Azar: Essa classe é imbuída de uma proficiência extra, fazendo com que todo rolamento de ação seja feito em desvantagem.

  • O encanto:
 Ao falar, interpretar ou à ler uma pessoa esta classe utiliza de suas habilidades naturalmente sem precisar na maioria dos casos de realizar o teste para descobrir qual o tipo de carisma que melhor se aplica a ele, o teste do carisma é bem simples só é necessário que o personagem tenha um grande sofrimento para que será gravado em seu corpo o simbolo de seu tipo de carisma. Se aparecer um S seu carisma é do tipo focado representado por uma presença imponente e sério possuindo um discurso forte e bem estruturado, conseguindo convencer as pessoas de seu ponto de visão. Caso ocorra de aparecer um C seu carisma é do tipo Visionário inspirando as pessoas com seus comportamentos e discursos, conseguindo a dar ideias novas e surpreendentes para as pessoas. Quando se aparece um N seu tipo de carisma é autoritário, tendo uma grande habilidade de fazer com que os outros ajam segundo seus preceitos, os convencendo de que é a forma mais eficaz de realizar determinada tarefa ou executar um projeto. Além disso pode aparecer a letra A seu tipo de carisma é gentil incentivando bons sentimentos , sendo bem utilizado para proteção e auxilio dos mais fracos  oprimidos ou em questões espirituais.
  • Classes secretas:
 Para alterar para uma classe tem certa dificuldade pois deve se encontrar quem já é ou um documento que explique como se tornar, porém pode criar uma nova classe com certo esforço. No caso de certas classes é mais simples pois é mais comum, porem as verdadeiras classes dos aristocratas são secretas, são realizadas ordens e organizações secretas que garantem a manutenção desse segredo, algumas classes podem estar perdidas por não ter sobrado quem ensine, somente livros para ensinar o que dificulta o uso de suas habilidades.
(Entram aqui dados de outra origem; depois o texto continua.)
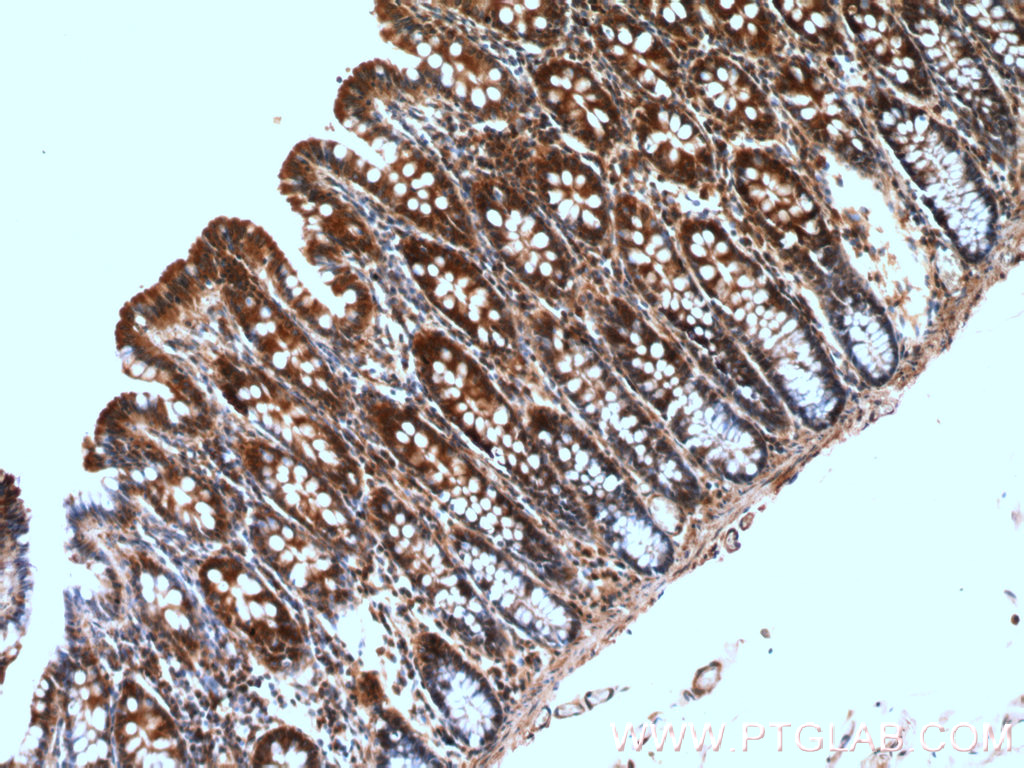 GRLF1 Polyclonal antibody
  • O senado e o anfiteatro:
 Apresentações, debates são o espirito de um aristocrata, apresentações que acaloram o coração das pessoas ou debates históricos que mudam a realidade são possíveis, tanto pelo seu carisma quanto pelo local onde está sendo feito, pois são espaços carregados de grande poder mágico que se ativa devido a interpretação e se escalona no decorrer das interpretações.
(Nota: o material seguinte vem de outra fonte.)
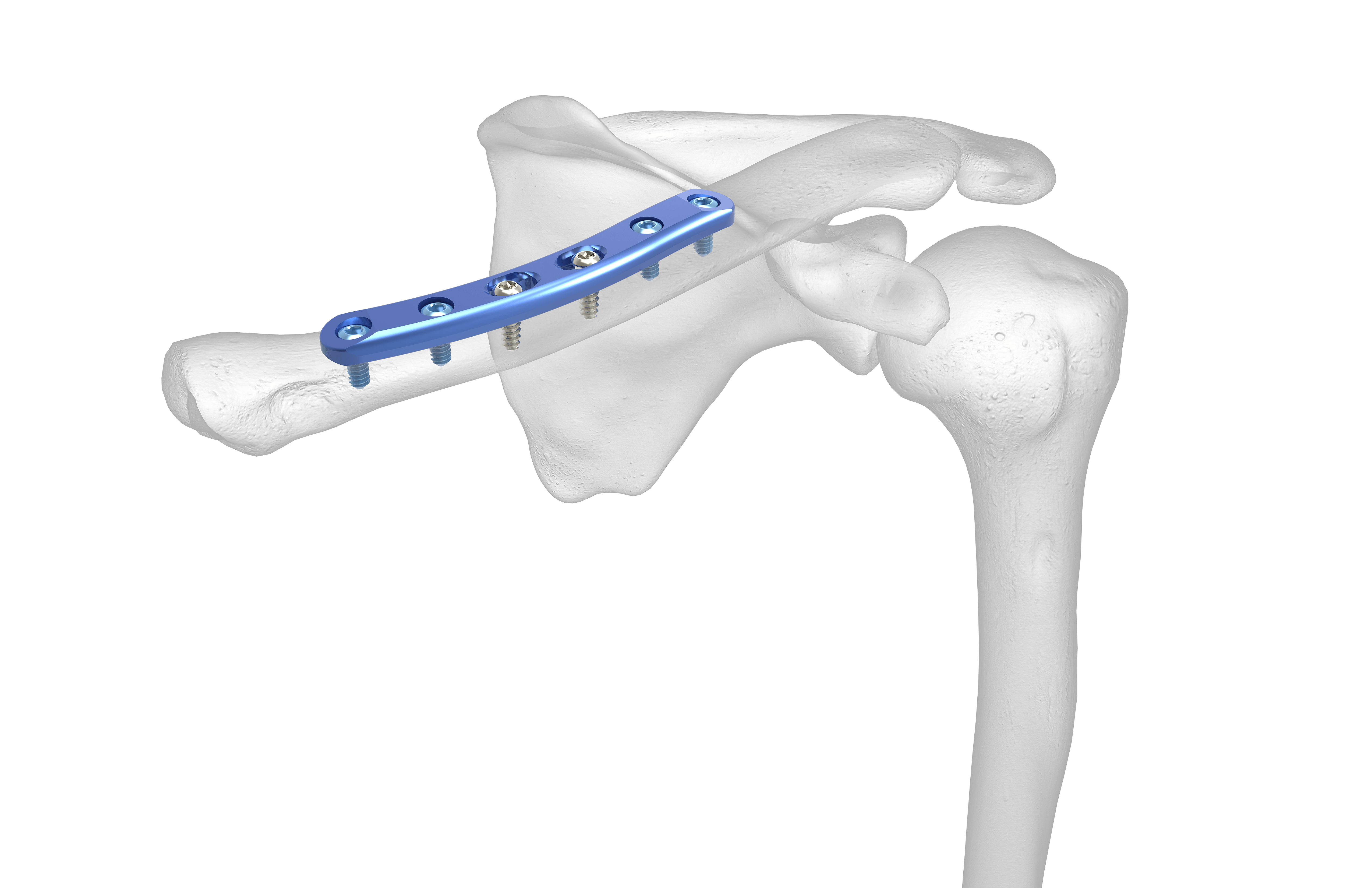 clavicle-plating-system-acumed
 O senado é composto por aristocratas bem preparados para o debate ações devem ser justificadas com argumentos, e estes argumentos sendo bons ou ruins vai da interpretação, a realidade pode ser alterada no decorrer dos atos, mas muitas vezes antes disso ocorrer a experiencia de pessoas mais preparadas é utilizada e impede que saia fora de controle, sendo uma forma mais brusca e resistente do que se pode ocorrer ao utilizar o poder transformador do carisma.
 O anfiteatro é livre para todos participarem como bem desejarem seja de qual classe for, porem só ocorre mudança espacial caso esteja algum aristocrata presente, sendo uma forma mais leve e bonita de se presenciar o uso do carisma, somente quando é intencional que o anfiteatro faz algo que fira o Aether e o Sanctus.